Speedo, which had never offered an endorsement deal to a male as young as Phelps, signed him through 2005 because he figures to be one of the American athletes that NBC will hype at the 2004 Games. Phelps' friends are about to be consumed by college choices that will have some leave home in the fall of 2003, and that's when Phelps will begin his final buildup to the Olympics in Athens.

"It's interesting to see the colleges my friends are talking about," Phelps said. "I am going to delay college and just train that year. When I go back to the Olympics, I want to win more than one [gold medal]."

Phelps has already been to Australia for the 2000 Olympics and Europe for World Cup meets and Japan for the world championships. Speedo officials think Phelps could explore territory no American male swimmer has since 1972, when Mark Spitz transcended the sport with a haul of seven Olympic gold medals.

The world record-holder and reigning world champion in the 200-meter butterfly, Phelps will display his growing versatility at the U.S. Open in East Meadow, N.Y., which starts today.

In addition to extending his domination of Tom Malchow, the Olympic champ in the 200 fly, Phelps is ready to make a statement in the individual medleys, where he wants to reel in Tom Dolan, the man regarded as the world's best all-around swimmer.

It will be Phelps' first meet as a pro, but will anyone outside the swim world notice? No television coverage of the meet is scheduled.

"Swimming is not really perceived as a professional sport, and Olympic athletes generally do not get the big bucks," said Noreen Jenny, the owner of Los Angeles-based Celebrity Endorsement Network. "They are limited by what they do in the Olympics. So much of it has to do with the person, how good they are in front of the camera."
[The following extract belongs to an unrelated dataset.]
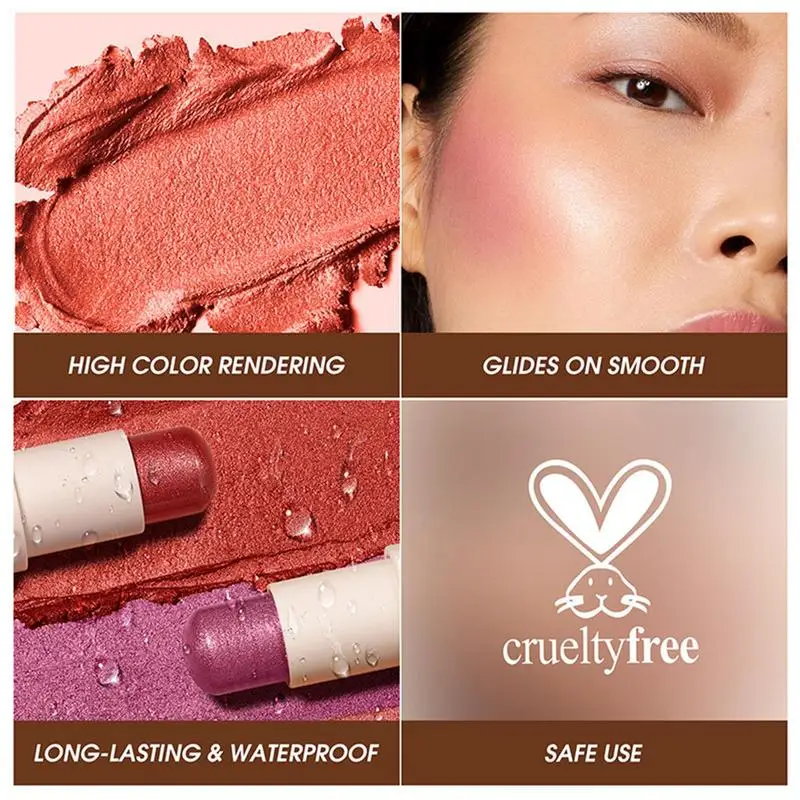 Creme Leve Blush Creme Brilhante, Rosto Iluminar, Rouge Peach, Maquiagem Cremosa, Shimmer Bochecha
Speedo vice-president Stu Isaac cited Phelps' appeal with young swimmers, but the swimmer hasn't limited his public speaking to pool rats. He has visited 9-year-olds at an inner city elementary school and senior citizens at a retirement home in Parkville, where one of the residents did some of the talking.
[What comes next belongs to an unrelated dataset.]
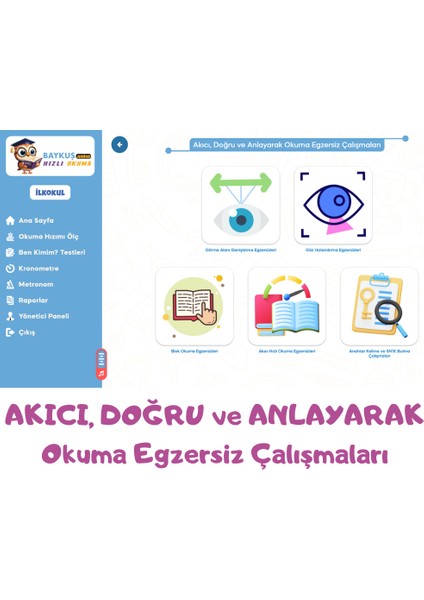 İLKOKUL Okuma, Dikkat ve Hafıza Geliştirme Yazılım Uygulaması modelleri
"I wore my baseball hat inside," Phelps said. "One guy raised his hand and said `Remove your cap, son.' I've had kids all excited to see me, but I've walked into senior centers, too. I talk about what I've done with life, talk about my accomplishments and my family."
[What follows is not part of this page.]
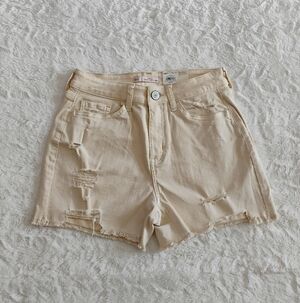 SO Distressed High Rise Curvy Midi Shorts
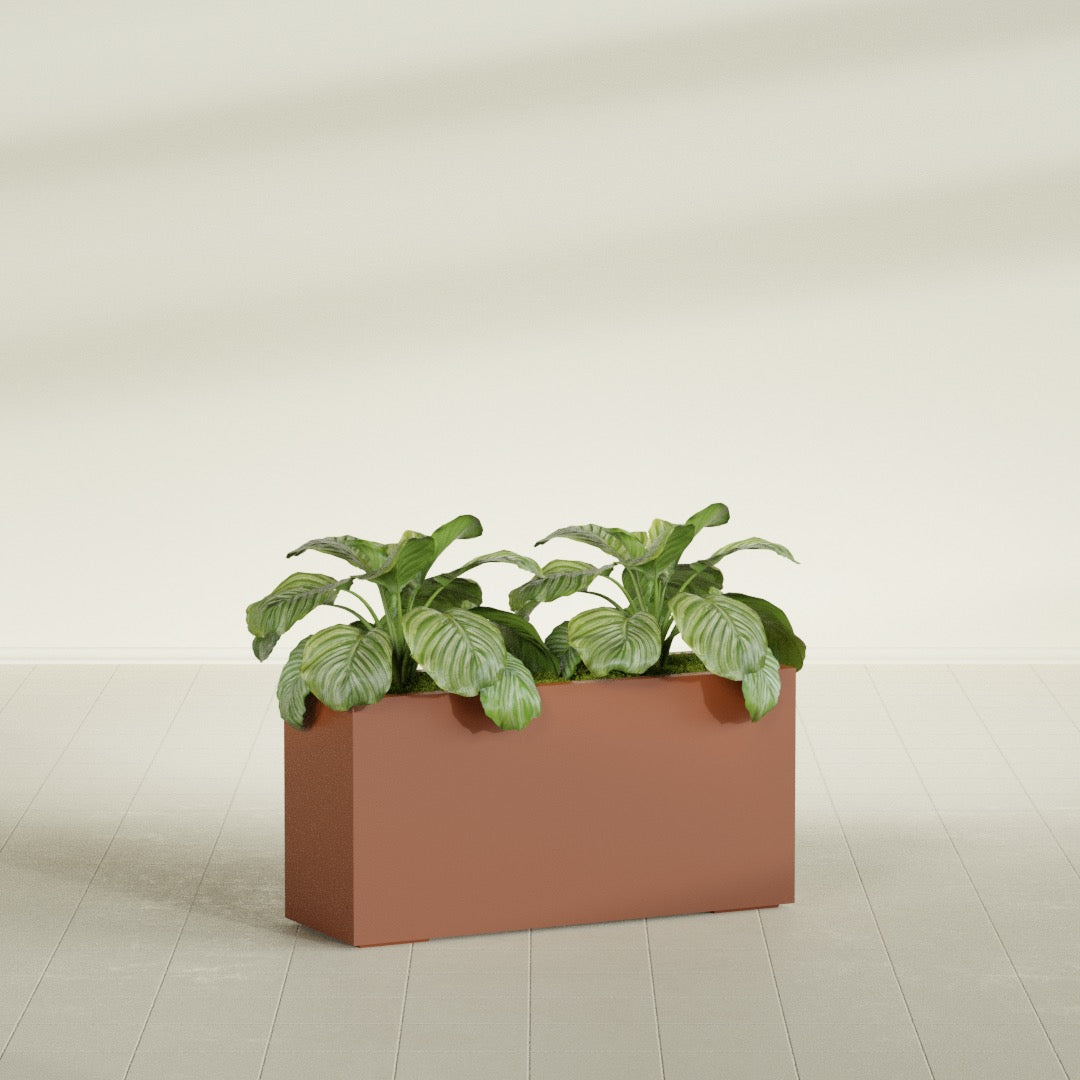 Miami Large Narrow Rectangle Fiberglass Planter - 36 in x 12 in x 18 in - Matte Terracotta - Matte Terracotta,36 in x 12 in x 18 in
Phelps has one foot in high school, where physics can be a chore, and another in the world of practice and public appearances. Recently he's been logging 75,000 meters a week - nearly seven miles of swimming a day. If NBAC coach Bob Bowman isn't chaperoning Phelps, his mother is. An administrator with the Baltimore County public schools, Debbie Phelps accompanied her son to Phoenix two weeks ago for a Speedo photo shoot.

Isaac and Phelps' representatives will not discuss details of the deal, but no American swimmers are in the realm of Ian Thorpe, who has turned Australia's obsession with water into earnings that have been estimated at $4 million annually. On the prize money front, a USA Swimming official said that Phelps can collect $25,000 for his world title, and as much as $10,000 for a world record.

Before he turned pro, Phelps consulted Anita Nall, a former NBAC teammate who took the same route after she struck gold at the 1992 Olympics. Morgan set up a trust fund for Phelps' earnings.

"It's a considerable amount," Bowman said of the Speedo deal, "but not enough where Michael never has to worry about money again. It needs to be invested wisely. We have high expectations for Michael, but we're very pragmatic. We want to take care of his education and his long-term financial needs. He's not going to be driving an Escalade next week. He may want to, but it's not going to happen."

That would be putting the SUV before the driver's license. Five months past his 16th birthday, Phelps has yet to attend the driver's education required by Maryland. He does have his learner's permit, and asks whoever is shuttling him between home, school and the pool to move into the passenger seat. Or, he'll flag a ride with Matt Townsend, his best friend since before he went to the Olympics and set a world record.

"Nothing has changed," Phelps said, when asked about his life as a pro. "I'm still doing the thing I love every day."